Officer Sheriff Jim McDonnell explains that girls are treated as victims.

No Shame

More law enforcement agencies are taking a victim-centered approach.

Sex and Money

Sex trafficking is an extremely lucrative business.

Human trafficking earns profits of roughly $150 billion a year for traffickers, according to the ILO report from 2014.

It Can Happen to Anyone

Sex Trafficking victims could be anyone.

"It can happen to anyone."

"Everybody's a victim until proven otherwise," Rivas explained. "If you're a minor and you're being trafficked for sex, it doesn't matter if you're an alien, your green, blue, black, red or brown. You are a victim and that's how you're treated."

A part of Rivas's role is also to provide information for social services for human trafficking cases that involve minors. For example, the Department of Children and Family Services has an office on the same floor as the Human Trafficking Task Force.

"They're on our task force because a lot of the girls being trafficked were in foster care," Rivas said. "So if we already know ahead of time they we're going to recover these girls who are found on the streets."

Indeed, several advocacy institutions like the Polaris Project say that the most vulnerable youth are often those who come from foster care. According to a post by Mark Ridley-Thomas from the second district of the L.A. County Board of Supervisors, "More than 50 percent of the children in Los Angeles County who become victims of sex trafficking are in the child welfare system."

While law enforcement agencies have improved their approach toward minors, Rivas said that agencies are starting to recognize the same dynamics for young adults.

For example, Deputy City Attorney Sonja Dawson, who created the county's Prostitution Diversion Program in 2009 to allow for rehabilitation and education, notes that a lot still needs to be done to view them as real victims.

As part of the city attorney’s office, Dawson's department files most of the prostitution cases. She said that it is extremely difficult , if not nearly impossible, to convict pimps because it would require prostitutes to testify against them -- something that they are often too afraid to do.

According to victim advocates, sex trafficking is not just a crime marked by physical and sexual abuse -- it also centers on psychological abuse and manipulation. Pimps are basically traffickers, and their methods to control and coerce their “stable” into a life of control and trafficking draws on the psychological principles of the “hierarchy of needs.”

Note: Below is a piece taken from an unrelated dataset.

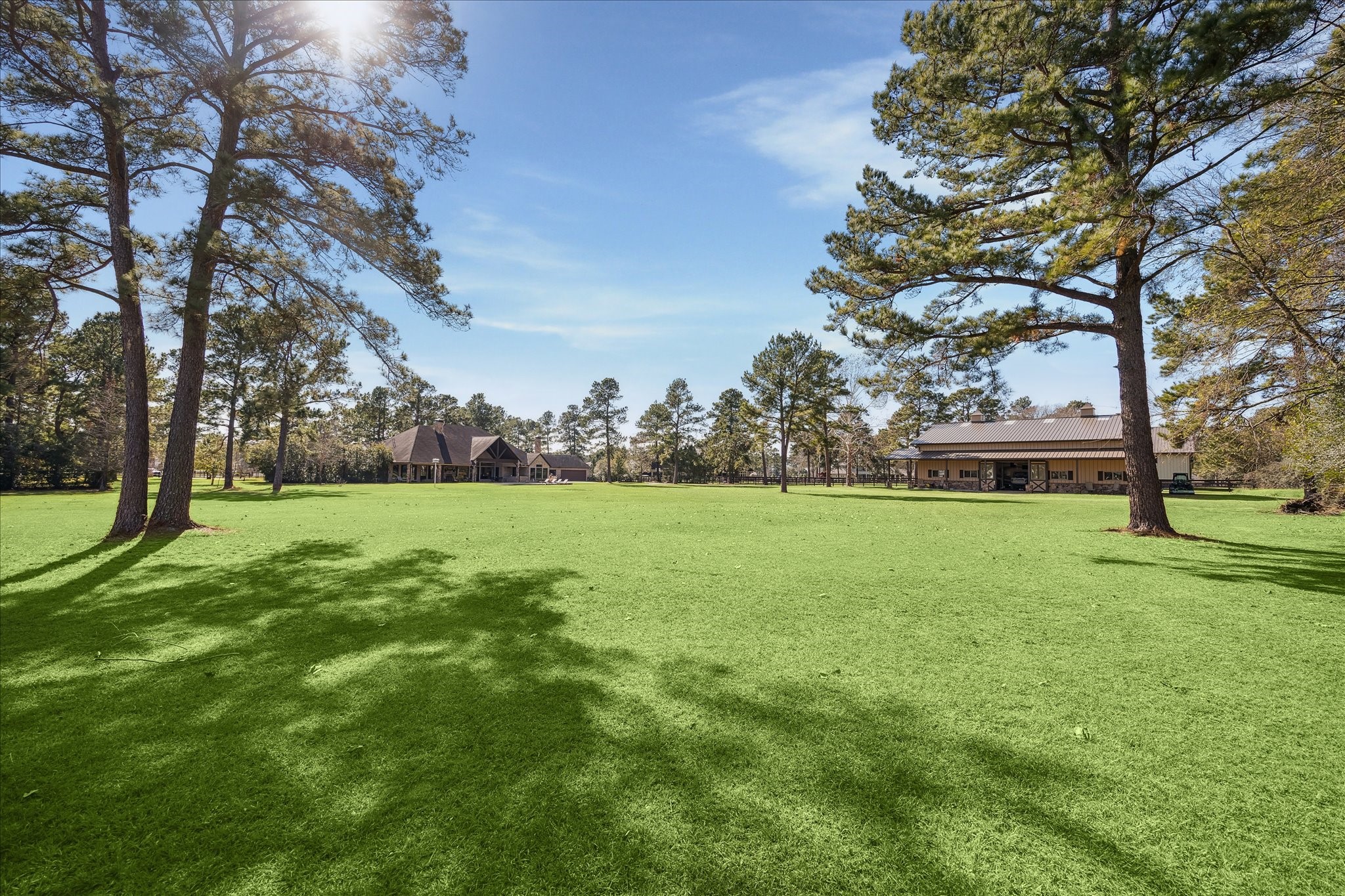 11 Willowcreek Ranch Road Tomball, TX 77377 - Photo 47 of 49 An open grassy pasture allows for endless possibilities. It could be enclosed for horses and equipped for play! The property enjoys a Rainsoft water softening system, PEX plumbing, 2026 Generac generator, and a 5HP well that pumps 50g/min. The well feeds the pond (if desired), the entire irrigation system, pool and barn!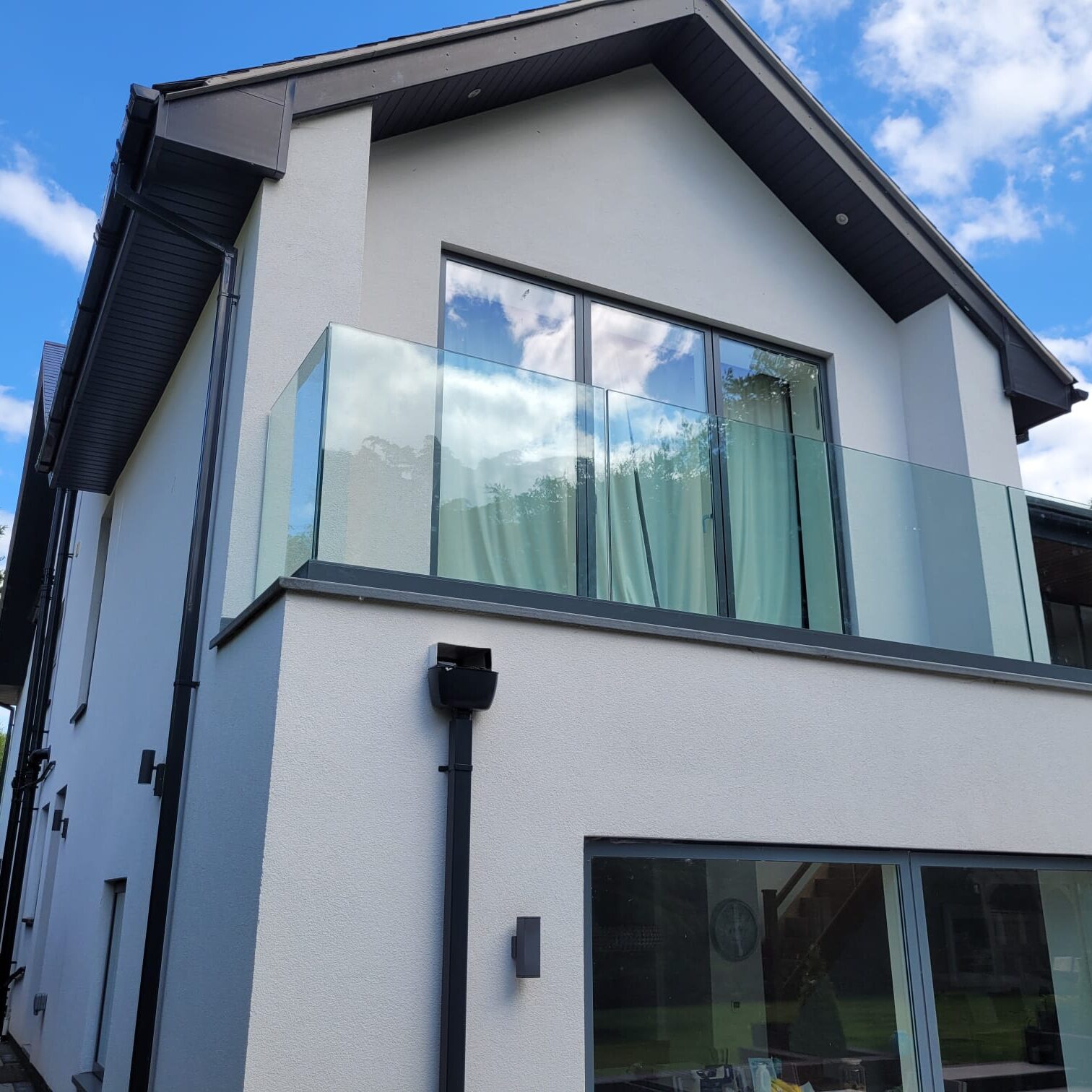 Frameless Glass Balustrades 2 Side view of a modern house featuring a frameless glass balustrade with a gray powder-coated base fixed track, providing safety and style.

Once a vulnerable woman is hooked on the belief that the man she just met on the streets will provide her with a better, more loving life, the trafficker introduces coercive methods of control, which include physical or sexual abuse and slut-shaming. According to Rivas, victims of such abuse typically form powerful emotional dependencies on their abusers. Often there is also trauma bonding among the domestically abused and Stockholm syndrome. As a result, Rivas explained, many trafficking victims don't think of themselves as victims. And for these reasons, pimps may act under those pretenses.


ROMEO

There are two main kinds of pimps: Gorilla pimps and Romeo pimps.

"The guerilla pimp is the kind that controls his girls through physical force," explained Rivas. The gorilla pimps tend to use more physical harm to control women.

"A Romeo pimp is a pimp who controls a girl through her emotions and psychological manipulation," Rivas said. "But these two are interchangeable just because he is a Romeo pimp, in the beginning, doesn't mean he can't turn into a gorilla pimp."

Romeo pimps try to pose as “boyfriends,” promising a faster, more glamorous life, including a place to live, clothes and lots of spending money. With this type, law enforcement officials like Rivas say that it can be hard to get victims to cooperate and testify against the pimps.

In his book “Pimpology: 48 Laws of the Game,” Pimpin’ Ken, the star of the HBO documentaries “Pimps Up, Ho's Down” and “American Pimp,” discusses how pimps take advantage of the art of psychological manipulation to control women. Detailed in chapters titled 'A Ho Without Instruction Is Headed for Self-Destruction' and 'Prey on the Weak' are his views of the unwritten rules of the streets. Even the chapter names show that the pop-culture portrayal of prostitution as a glamorous lifestyle is a myth.